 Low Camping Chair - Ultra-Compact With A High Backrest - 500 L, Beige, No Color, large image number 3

---

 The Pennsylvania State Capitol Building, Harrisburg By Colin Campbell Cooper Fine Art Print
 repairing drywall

◆ EXERCISE INSTRUCTIONS
Only the lines above from the line containing "The Pennsylvania State" through the line containing "repairing drywall" should be retyped, exactly and with both ends included.

◆ RESULT
 The Pennsylvania State Capitol Building, Harrisburg By Colin Campbell Cooper Fine Art Print
 repairing drywall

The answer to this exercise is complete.